The amount of polyimide or hydrolysate of the said polyimide
entering into the detergent composition which forms the subject of
the invention may range from 0.2 to 80%, preferably from 2 to 10%,
by weight of the said detergent composition.
In addition to this polyimide or polyimide hydrolysate, at least
one surface-active agent is present in the detergent composition in
an amount which may range from 2 to 50%, preferably from 6 to 30%,
by weight of the said detergent composition.

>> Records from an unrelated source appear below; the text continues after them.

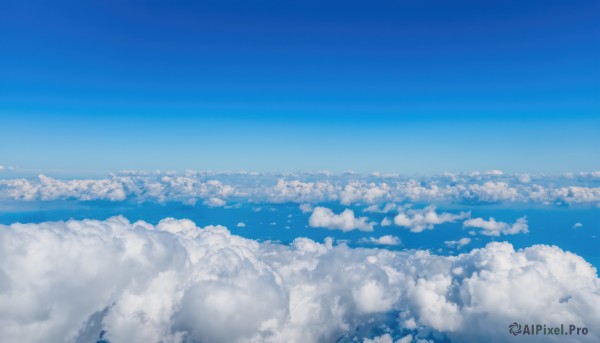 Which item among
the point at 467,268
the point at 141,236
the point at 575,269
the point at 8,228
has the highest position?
the point at 8,228

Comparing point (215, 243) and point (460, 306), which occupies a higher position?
point (215, 243)

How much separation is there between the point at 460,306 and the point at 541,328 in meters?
91.3

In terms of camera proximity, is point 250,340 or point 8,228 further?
point 250,340

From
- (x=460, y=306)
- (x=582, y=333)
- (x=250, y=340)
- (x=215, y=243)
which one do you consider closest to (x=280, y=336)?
(x=250, y=340)

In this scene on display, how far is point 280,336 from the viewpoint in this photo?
575 ft

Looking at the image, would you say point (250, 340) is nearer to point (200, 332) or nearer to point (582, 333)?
point (200, 332)

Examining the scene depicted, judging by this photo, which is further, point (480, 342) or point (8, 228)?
point (480, 342)

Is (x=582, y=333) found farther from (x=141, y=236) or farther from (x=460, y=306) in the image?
(x=141, y=236)

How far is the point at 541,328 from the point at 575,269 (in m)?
54.6

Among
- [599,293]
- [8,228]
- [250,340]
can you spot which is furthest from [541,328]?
[8,228]

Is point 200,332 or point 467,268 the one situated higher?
point 467,268

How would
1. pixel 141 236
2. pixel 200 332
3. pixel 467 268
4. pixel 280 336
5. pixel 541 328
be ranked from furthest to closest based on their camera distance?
pixel 280 336, pixel 467 268, pixel 200 332, pixel 141 236, pixel 541 328

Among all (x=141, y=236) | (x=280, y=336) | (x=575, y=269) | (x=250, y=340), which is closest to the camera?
(x=141, y=236)

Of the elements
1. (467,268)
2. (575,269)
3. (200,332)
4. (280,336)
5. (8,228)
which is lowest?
(280,336) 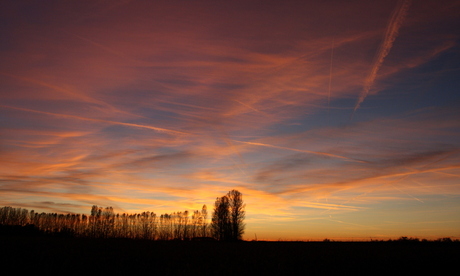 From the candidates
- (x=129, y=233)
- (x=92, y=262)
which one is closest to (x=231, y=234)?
(x=92, y=262)

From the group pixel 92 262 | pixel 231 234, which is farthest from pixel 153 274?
pixel 231 234

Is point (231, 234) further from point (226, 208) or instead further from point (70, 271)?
point (70, 271)

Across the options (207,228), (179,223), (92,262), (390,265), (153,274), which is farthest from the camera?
(179,223)

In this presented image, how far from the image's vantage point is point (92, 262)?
16391mm

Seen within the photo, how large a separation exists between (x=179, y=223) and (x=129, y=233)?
2536 centimetres

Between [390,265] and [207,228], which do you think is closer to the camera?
[390,265]

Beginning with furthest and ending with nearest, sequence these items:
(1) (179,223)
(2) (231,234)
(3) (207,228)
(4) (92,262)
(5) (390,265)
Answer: (1) (179,223), (3) (207,228), (2) (231,234), (5) (390,265), (4) (92,262)

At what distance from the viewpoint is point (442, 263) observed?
1847 centimetres

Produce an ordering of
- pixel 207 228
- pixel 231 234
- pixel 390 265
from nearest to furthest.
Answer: pixel 390 265, pixel 231 234, pixel 207 228

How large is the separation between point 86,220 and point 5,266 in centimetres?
15927

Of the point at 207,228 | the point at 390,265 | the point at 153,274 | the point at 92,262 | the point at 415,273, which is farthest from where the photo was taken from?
the point at 207,228

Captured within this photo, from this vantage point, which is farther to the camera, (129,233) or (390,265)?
(129,233)

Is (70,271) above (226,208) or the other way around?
the other way around

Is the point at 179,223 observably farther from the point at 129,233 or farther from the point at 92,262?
the point at 92,262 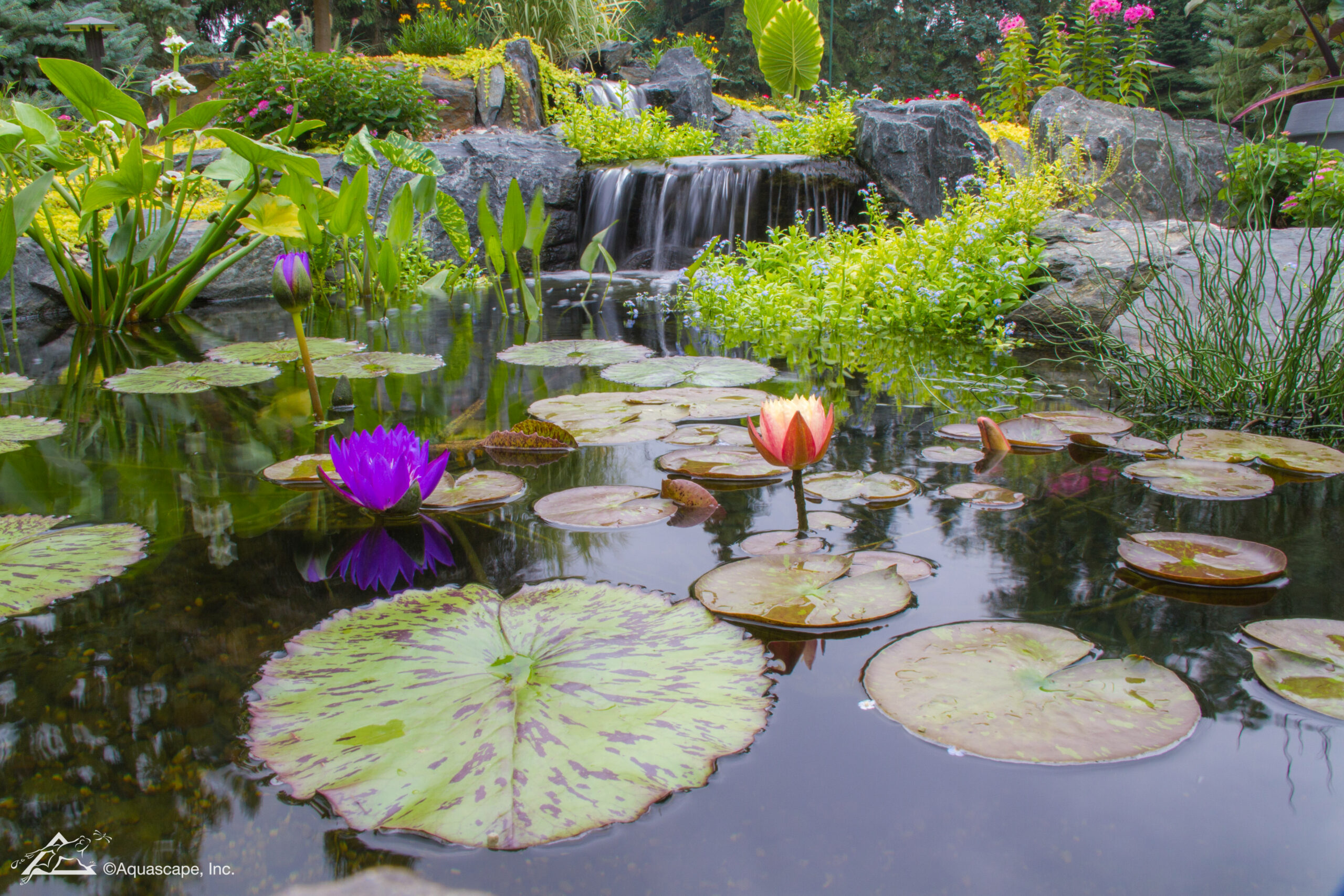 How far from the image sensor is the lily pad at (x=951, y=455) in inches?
60.6

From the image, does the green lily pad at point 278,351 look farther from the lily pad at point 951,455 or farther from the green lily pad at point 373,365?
the lily pad at point 951,455

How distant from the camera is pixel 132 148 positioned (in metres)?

Among the surface-active agents entering into the detergent
composition which forms the subject of the invention, there may be
mentioned:
anionic surface-active agents of the soap type and alkali metal
type (alkali metal salts of C.sub.8 -C.sub.24 fatty acids), alkali
metal sulphonate type (C.sub.8 -C.sub.13 alkylbenzenesulphonates,
C.sub.12 -C.sub.16 alkylsulphonates, sulphated C.sub.6 -C.sub.16
fatty alcohols, sulphated C.sub.8 -C.sub.13 alkylphenols), alkali
metal sulphosuccinate type (C.sub.12 -C.sub.16 alkyl
sulphosuccinates), etc.
nonionic surface-active agents of the polyoxyethylenated C.sub.6
-C.sub.12 alkylphenol, oxyethylenated C.sub.8 -C.sub.22 aliphatic
alcohol, ethylene oxide/propylene Oxide block copolymer or
optionally polyoxyethylenated carboxylic amide type, etc.
Amphoteric surface-active agents of the alkyldimethylbetaine type,
etc.
Cationic surface-active agents of the alkyltrimethylammonium or
alkyldimethylammonium bromide or chloride type, etc.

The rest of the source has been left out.